Maybe, this is how it is – all boys leave the town at some point. This is how grownup scamps play their timeless game of manhood. Game of pirates, pioneers and old-fashioned lovers… I followed this legend. And just as Tom Sawyer and Huck Finn several years ago I prolonged my childhood with a few months on U.S. soil. Impatient to throw my young corp into the ecstasies of being I was doing my best – I travelled on highways of inexplicable, unreserved happiness, surrounded by the young vivid bodies of all summer girls under the neon skies of the East coast, hasty grabbing and collecting marvelous stories, talking in English – the language of Kerouac, Capote and Fitzgerald, whose words have taste and odor, a language in which “happiness” was defined by a few shabby small bills in my back pocket – enough to buy couple of apples, one rose and a train ticket to a place I used to call “home”.

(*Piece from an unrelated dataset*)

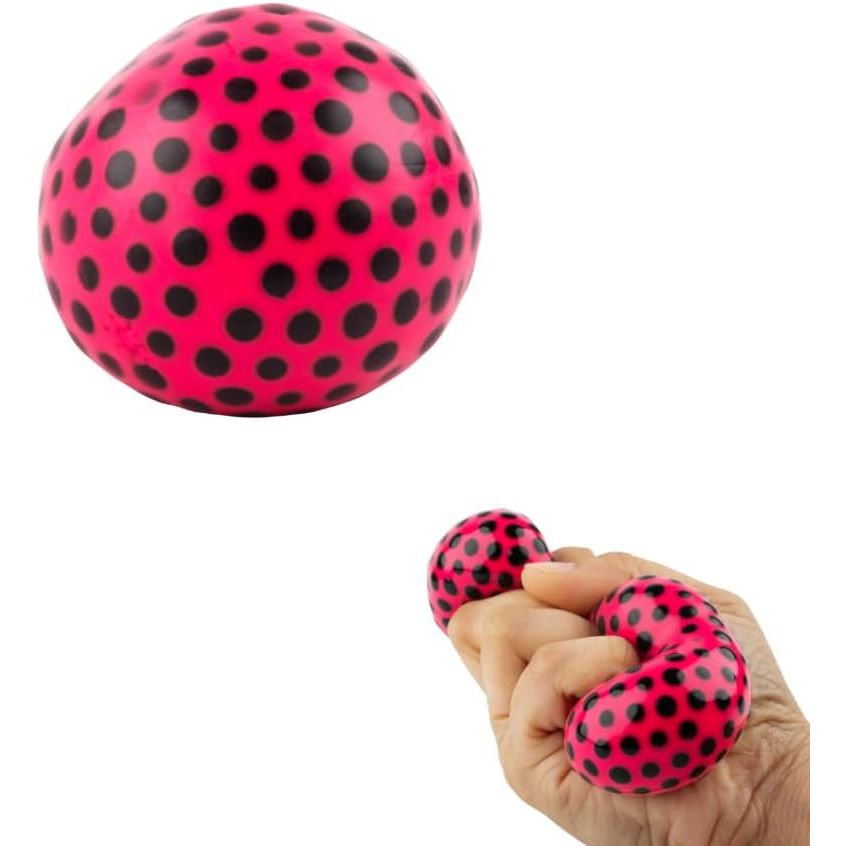 Light Up Squishy Ball Toys for Kids - 5cm Colorful Stress Relief Toy - Soft Silicone Fidget Sensory Ball with LED Lights - Safe, Non-Toxic - Age- 5 Years and Above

I ended up in New York, in love with the worriless summer evenings in Garden City, the sunsets above Long Beach, the humidity and the smell in the subway, the ready-to-go cups of soup and the open skies of Long Island… In love with a city and a girl who was living in it…
It was the Promised Land.
“The American dream is dead”. I keep facing this statement everywhere now. I have always doubted it having my image of the land intact, untouched by any disappointment. People say that gates in front of the brave ones are closed now; the stares are not leading anywhere and the guardian angels have flyed away from the wasted shore of the American youth, of Tom’s and Huck’s rusty, neglected tenderness.
Being in Muscatine made me uncertain.
But maybe I am wrong. I’m just a traveler on a journey to wisdom.
[i] Mark Twain, The adventure of Tom Sawyer, chapter 14
Sam Clemens, better known as Mark Twain, lived in Muscatine, Iowa, during the summer of 1855. Some 30 years later he wrote “The Adventures of Tom Sawyer” and “The Adventures of Huckleberry Finn”, to which many refer as to the first great American novel. In 1883 Twain wrote “Life on the Mississippi” as a recollection of his stay in the city and its heavy influence on him while writing his most famous publications.